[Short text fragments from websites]
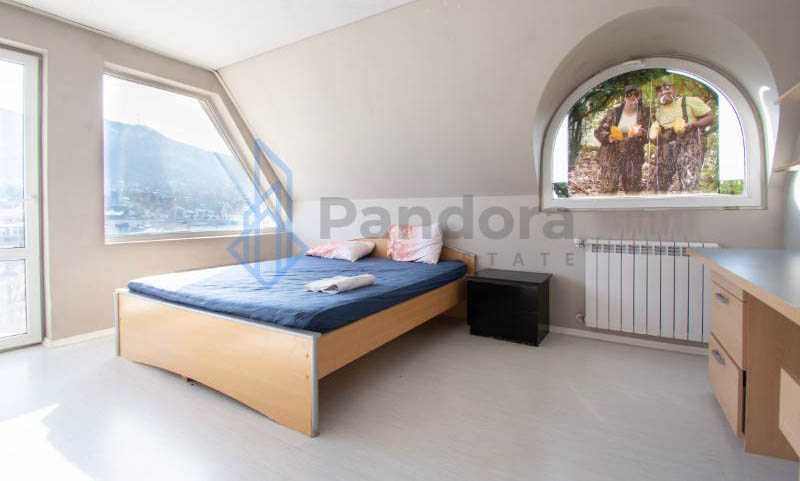 Тристаен апартамент тип мезонет под наем в кв. Бъкстон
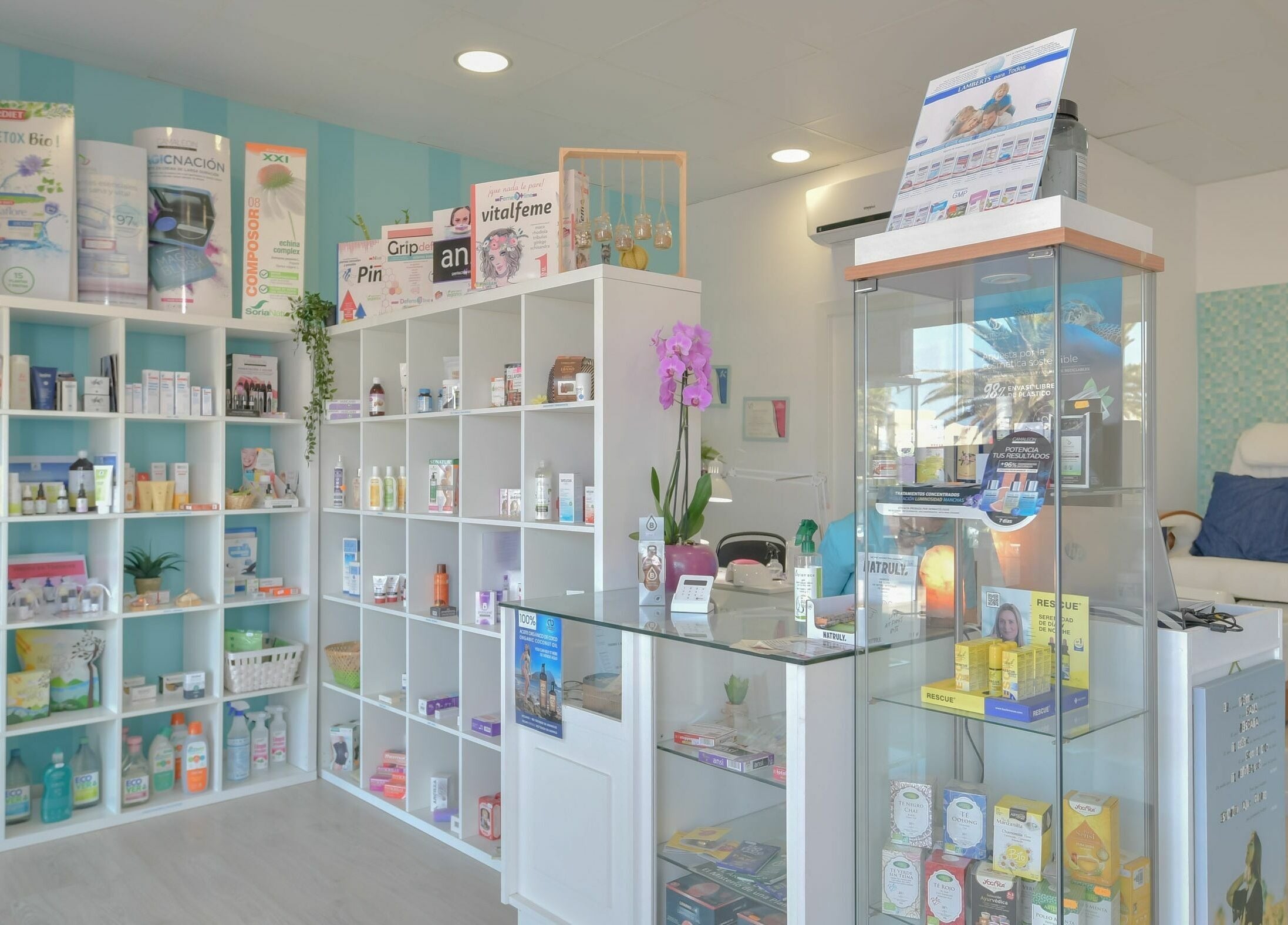 Interior del Herbolario Spa en La Tejita, Canarias, ES mostrando productos naturales en estantes.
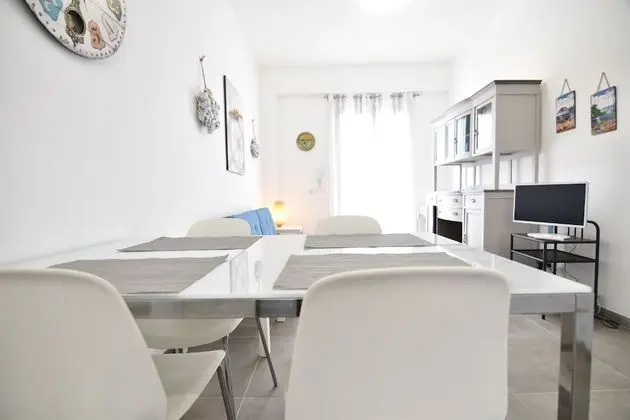 Apart Daire, 2 Yatak Odası (Golden Jubilee)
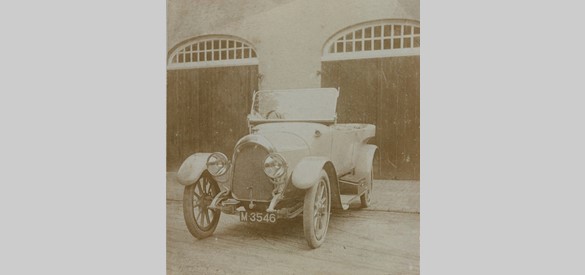 Auto met kenteken M 3546 voor de deuren van het koetshuis van Biljoen. Foto ca. 1920. Bron: Gelders Archief, Arnhem
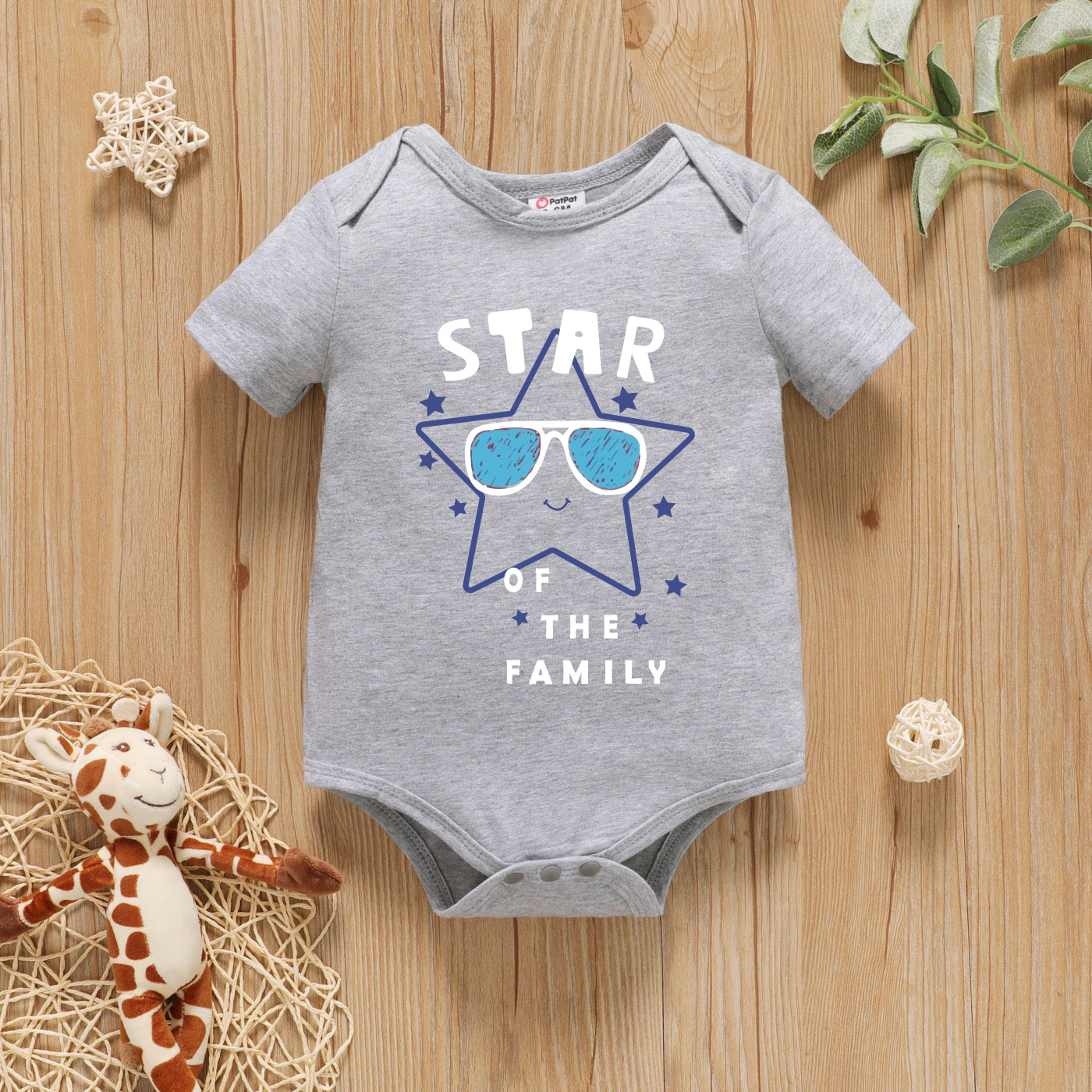 

Baby Graphic Letter and Stars Print Short-sleeve Romper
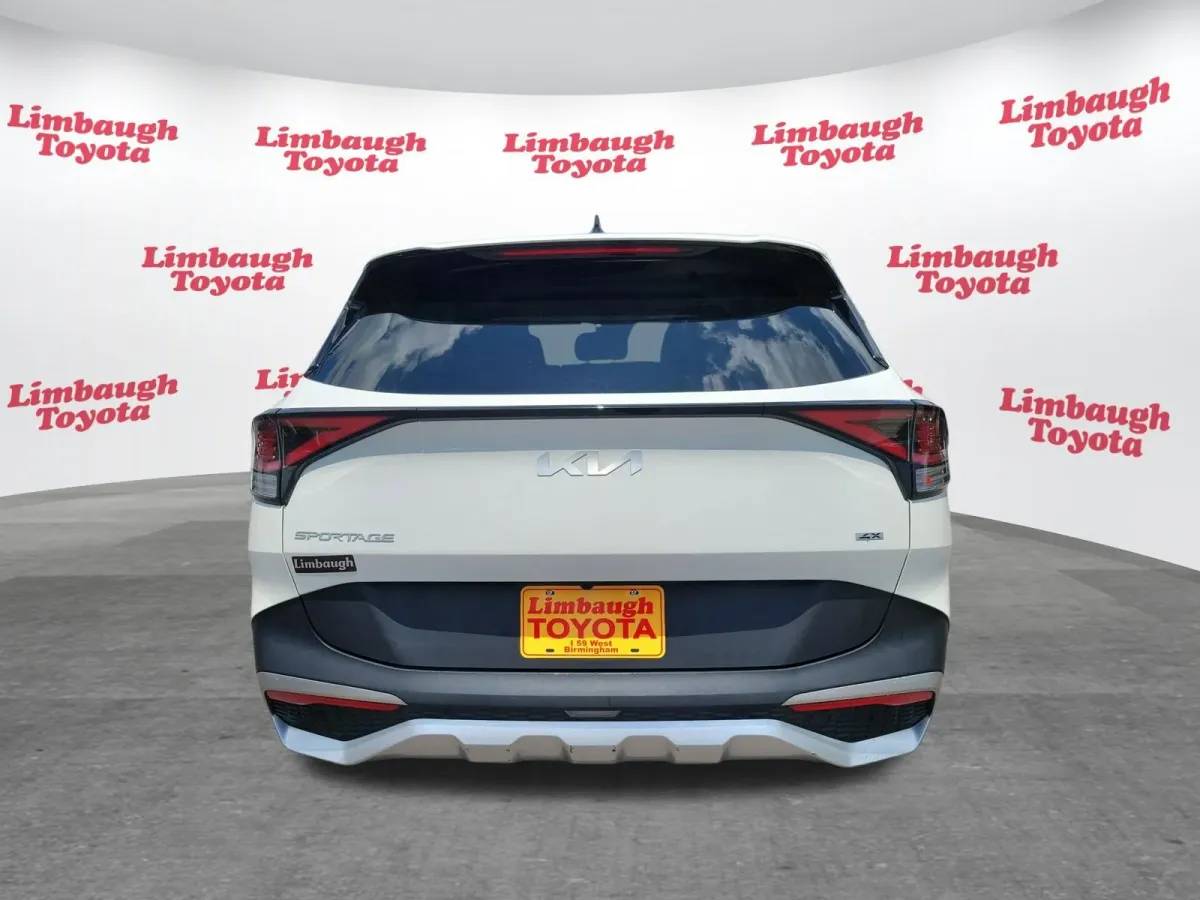 2024 Kia Sportage LX thumbnail 23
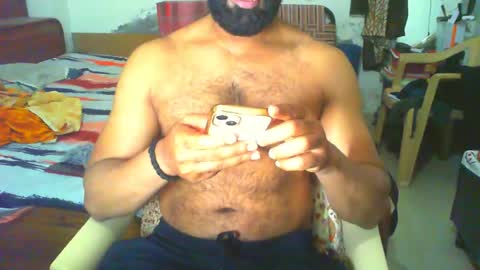 Snapshot of boldinddude chatting on 05-11-26, 12:00 Chris B online show from 05-11-26, 12:00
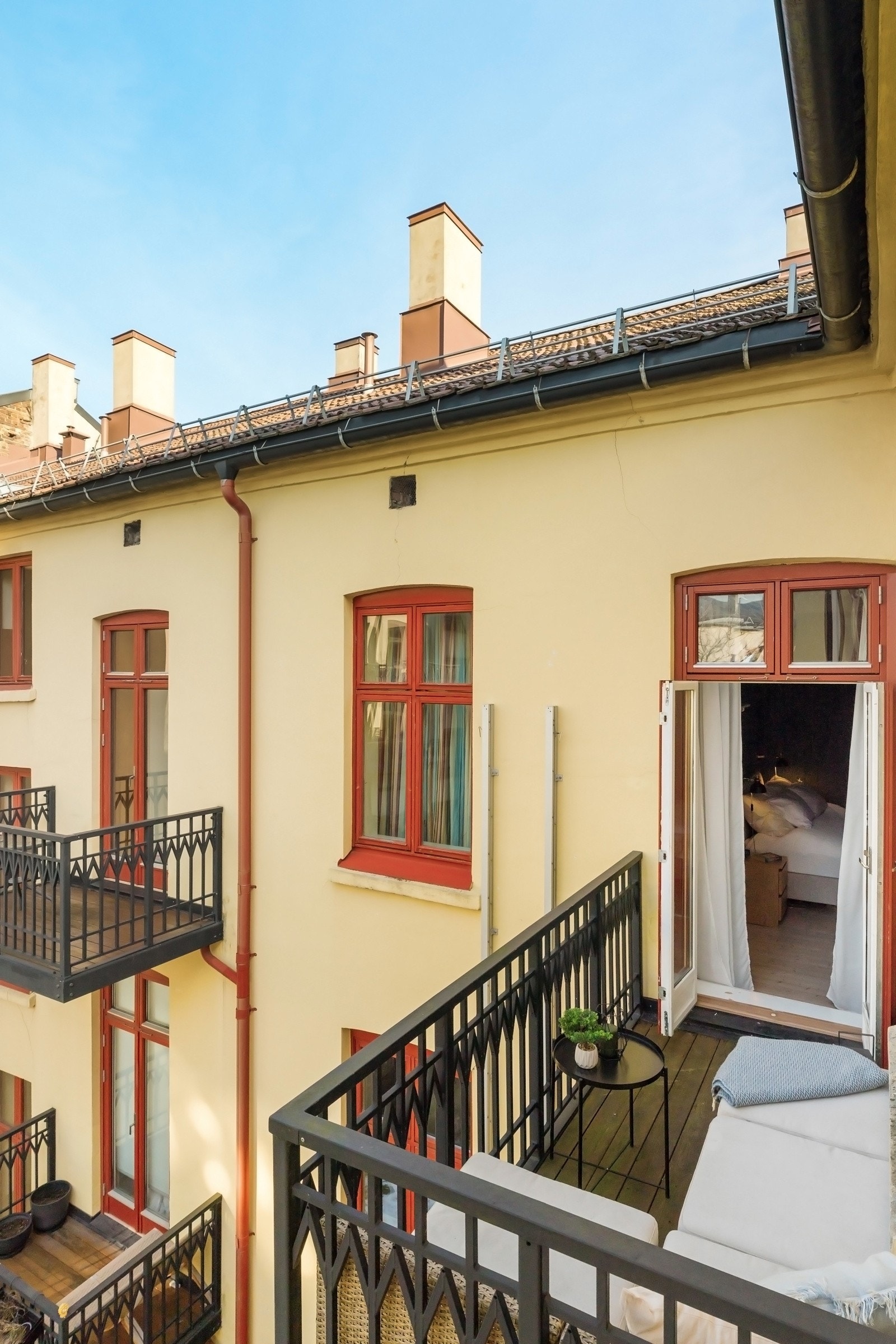 Kjøkkenvindu går også ut mot balkongen, slik at du enkelt kan servere rett ut fra kjøkkenet. Det er tillatt å bruke både elektrisk og gassgrill på balkongen Galleribilde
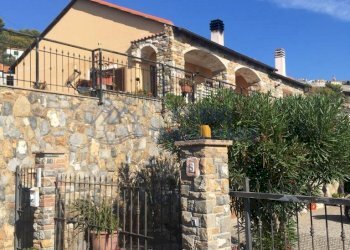 18.jpg - Villa Via Fossati, Cipressa - foto 9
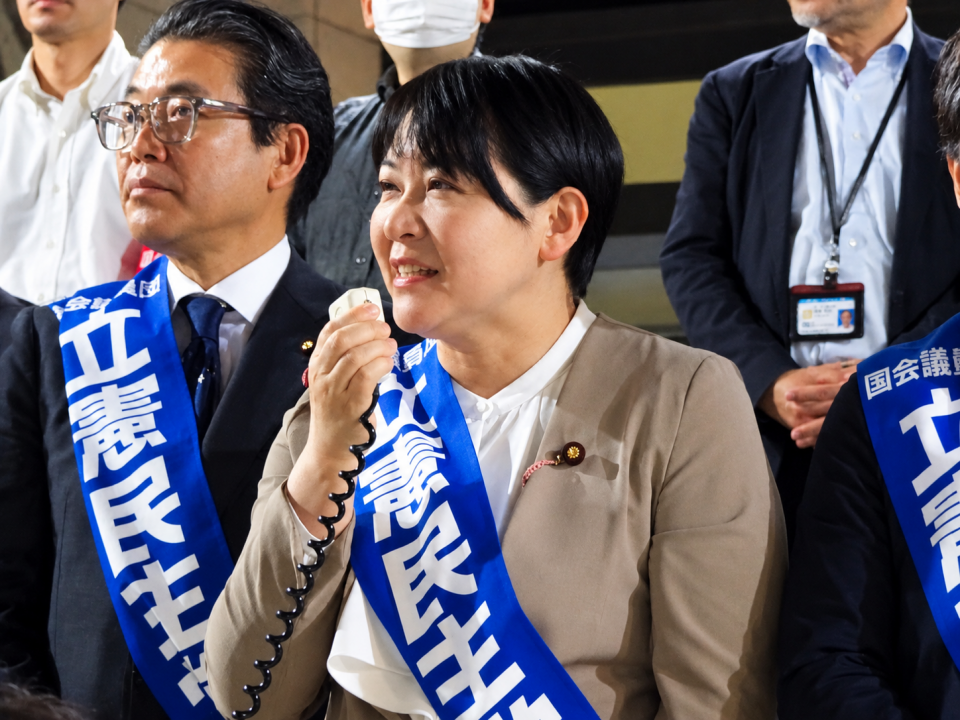 拡声器で訴える岸真紀子議員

**Exercise aim:**
Write out all the entries again, word for word, and print no images.

**Response:**
 Тристаен апартамент тип мезонет под наем в кв. Бъкстон
 Interior del Herbolario Spa en La Tejita, Canarias, ES mostrando productos naturales en estantes.
 Apart Daire, 2 Yatak Odası (Golden Jubilee)
 Auto met kenteken M 3546 voor de deuren van het koetshuis van Biljoen. Foto ca. 1920. Bron: Gelders Archief, Arnhem

Baby Graphic Letter and Stars Print Short-sleeve Romper
 2024 Kia Sportage LX thumbnail 23
 Snapshot of boldinddude chatting on 05-11-26, 12:00 Chris B online show from 05-11-26, 12:00
 Kjøkkenvindu går også ut mot balkongen, slik at du enkelt kan servere rett ut fra kjøkkenet. Det er tillatt å bruke både elektrisk og gassgrill på balkongen Galleribilde
 18.jpg - Villa Via Fossati, Cipressa - foto 9
 拡声器で訴える岸真紀子議員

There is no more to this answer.